2. HR and plant managers
Because some employees may see the audit as an infringement of privacy or questioning their integrity, it's essential to have managers removed from the actual determinations of eligibility, but at the same time supportive and knowledgeable of the process. Managers needed to understand when the audit would begin, where employees could go for information, how the process would work, their own role, and why the effort was important in the first place.
In this client's case, managers were expected to encourage people to collect their documentation and send it in. However, it was critical that they did not try to advise employees on the prospects for approval or offer to submit documents on their behalf. The company wanted to give managers information they'd need, but also to establish that it is the responsibility of the employees to provide proof of eligibility. Careful attention to these points was made in HR and managers training via four different Webex conferences.
3. Employees
The strategy for communicating with employees may vary depending on the organization. In the case of this client, we determined that multiple contacts would be required and delivered communications to both office and home addresses.

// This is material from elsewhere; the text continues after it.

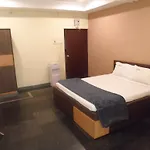 Hotel Crystal Banjara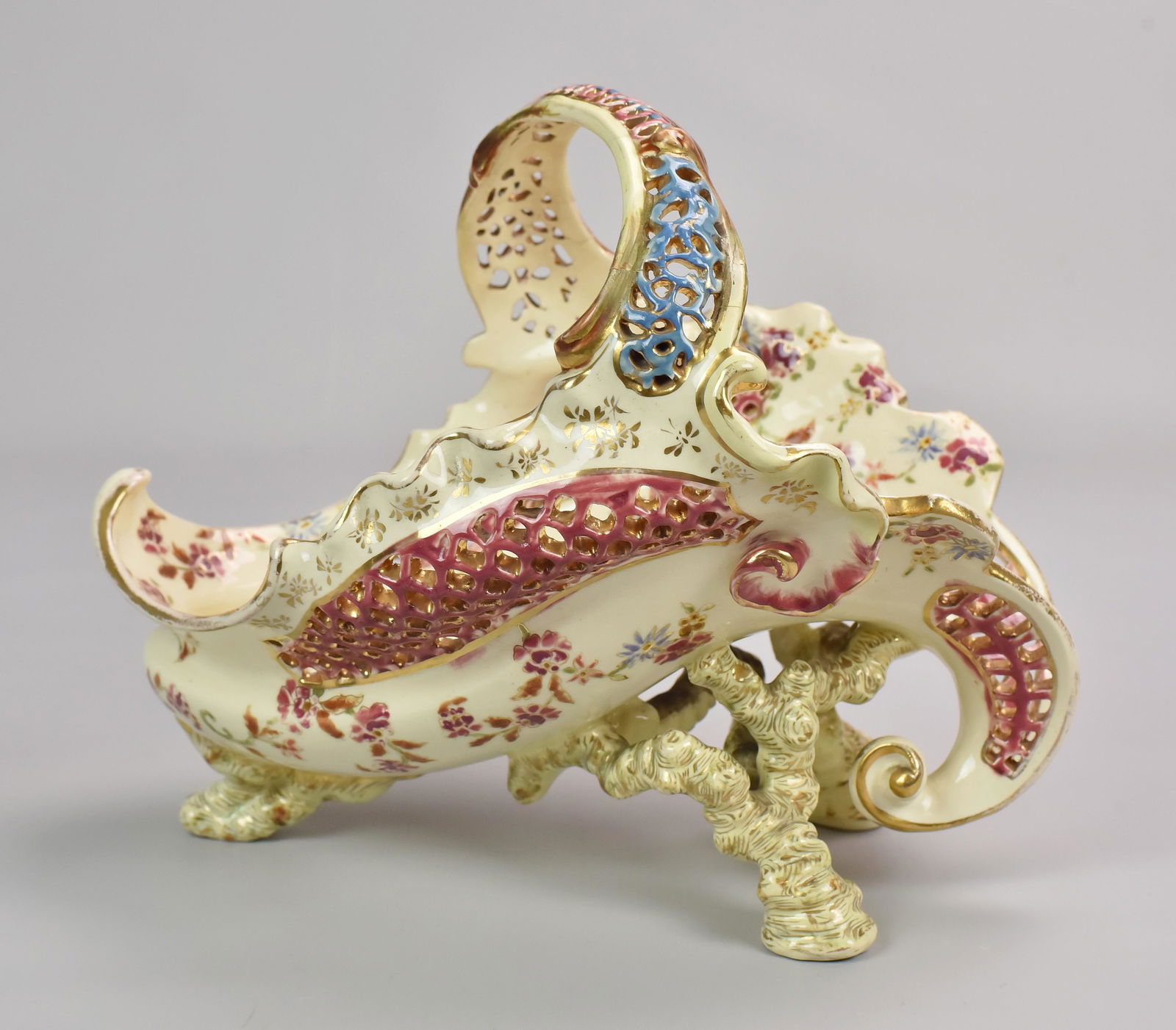 Signed Fischer J Budapest Hungary Basket (1 of 5)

We focused on fairness. The communications explained that the reason the plan exists is to provide insurance for employees and eligible dependents. If ineligible people are receiving benefits, that damages the plan's ability to provide for the people that it was set up to benefit.
To underscore the fairness message, we established a generous amnesty period, during which employees could remove ineligible dependents without penalty. After the amnesty period, a second packet was sent to employees, requesting documentation for listed dependents. Employees returned documentation directly to Milliman, and we verified the relationship and eligibility status.
According to the company's plan, coverage could be terminated if employees did not respond to the request, if they could not provide documentation, or if they did not in fact have a qualified relationship with the claimed dependent. The employer could also seek reimbursement of claims paid for ineligibles. However, it is not typical for employers to pursue disciplinary action as a result of the initial audit. And of course, employees have the right to appeal coverage decisions to the employers according to a predefined process.
A responsible fiduciary
The client's management takes pride in the fact that it has brought its health plan into compliance with ERISA regulations. As the company's benefit services supervisor observes, "A health plan's purpose is to provide insurance for a qualified group of employees and dependents. Companies have a fiduciary responsibility under ERISA to ensure that they are only covering people who are eligible. And, as healthcare costs continue to skyrocket, it is incumbent upon plan sponsors to explore every avenue to keep costs under control."
From an ROI perspective, plan sponsors should note that the company's audit easily paid for itself in the first year. After that, ongoing monitoring and enforcement is key to keeping the eligibility as clean as possible. Once the system is established, it's easy to provide ongoing verification with little incremental cost or effort.